## Collected data entries
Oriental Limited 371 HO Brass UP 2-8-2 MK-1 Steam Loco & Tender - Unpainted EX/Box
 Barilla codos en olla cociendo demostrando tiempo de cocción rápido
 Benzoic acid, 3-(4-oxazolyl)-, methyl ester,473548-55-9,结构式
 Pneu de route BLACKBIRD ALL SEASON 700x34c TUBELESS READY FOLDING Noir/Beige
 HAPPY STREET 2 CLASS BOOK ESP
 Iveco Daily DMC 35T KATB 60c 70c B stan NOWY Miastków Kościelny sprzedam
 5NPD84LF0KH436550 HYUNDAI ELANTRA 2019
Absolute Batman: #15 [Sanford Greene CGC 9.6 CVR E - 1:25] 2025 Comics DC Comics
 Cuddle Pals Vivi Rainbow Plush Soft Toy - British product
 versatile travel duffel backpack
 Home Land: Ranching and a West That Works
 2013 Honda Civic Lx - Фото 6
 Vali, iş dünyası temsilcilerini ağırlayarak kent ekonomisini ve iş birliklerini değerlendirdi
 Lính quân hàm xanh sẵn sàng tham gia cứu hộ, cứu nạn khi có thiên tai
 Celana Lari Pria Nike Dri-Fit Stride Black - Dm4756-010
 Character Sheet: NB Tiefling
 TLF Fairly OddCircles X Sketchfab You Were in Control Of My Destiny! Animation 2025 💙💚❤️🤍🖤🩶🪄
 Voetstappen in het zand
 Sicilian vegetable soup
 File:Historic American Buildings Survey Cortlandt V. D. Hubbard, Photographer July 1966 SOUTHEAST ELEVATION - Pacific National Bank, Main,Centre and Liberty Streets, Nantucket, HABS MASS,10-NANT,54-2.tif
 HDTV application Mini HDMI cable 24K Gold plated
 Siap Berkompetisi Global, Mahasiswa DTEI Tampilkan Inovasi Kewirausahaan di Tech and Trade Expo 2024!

## WORK REQUIRED
Each record above needs to be reproduced exactly as written.

## TASK ANSWER
Oriental Limited 371 HO Brass UP 2-8-2 MK-1 Steam Loco & Tender - Unpainted EX/Box
 Barilla codos en olla cociendo demostrando tiempo de cocción rápido
 Benzoic acid, 3-(4-oxazolyl)-, methyl ester,473548-55-9,结构式
 Pneu de route BLACKBIRD ALL SEASON 700x34c TUBELESS READY FOLDING Noir/Beige
 HAPPY STREET 2 CLASS BOOK ESP
 Iveco Daily DMC 35T KATB 60c 70c B stan NOWY Miastków Kościelny sprzedam
 5NPD84LF0KH436550 HYUNDAI ELANTRA 2019
Absolute Batman: #15 [Sanford Greene CGC 9.6 CVR E - 1:25] 2025 Comics DC Comics
 Cuddle Pals Vivi Rainbow Plush Soft Toy - British product
 versatile travel duffel backpack
 Home Land: Ranching and a West That Works
 2013 Honda Civic Lx - Фото 6
 Vali, iş dünyası temsilcilerini ağırlayarak kent ekonomisini ve iş birliklerini değerlendirdi
 Lính quân hàm xanh sẵn sàng tham gia cứu hộ, cứu nạn khi có thiên tai
 Celana Lari Pria Nike Dri-Fit Stride Black - Dm4756-010
 Character Sheet: NB Tiefling
 TLF Fairly OddCircles X Sketchfab You Were in Control Of My Destiny! Animation 2025 💙💚❤️🤍🖤🩶🪄
 Voetstappen in het zand
 Sicilian vegetable soup
 File:Historic American Buildings Survey Cortlandt V. D. Hubbard, Photographer July 1966 SOUTHEAST ELEVATION - Pacific National Bank, Main,Centre and Liberty Streets, Nantucket, HABS MASS,10-NANT,54-2.tif
 HDTV application Mini HDMI cable 24K Gold plated
 Siap Berkompetisi Global, Mahasiswa DTEI Tampilkan Inovasi Kewirausahaan di Tech and Trade Expo 2024!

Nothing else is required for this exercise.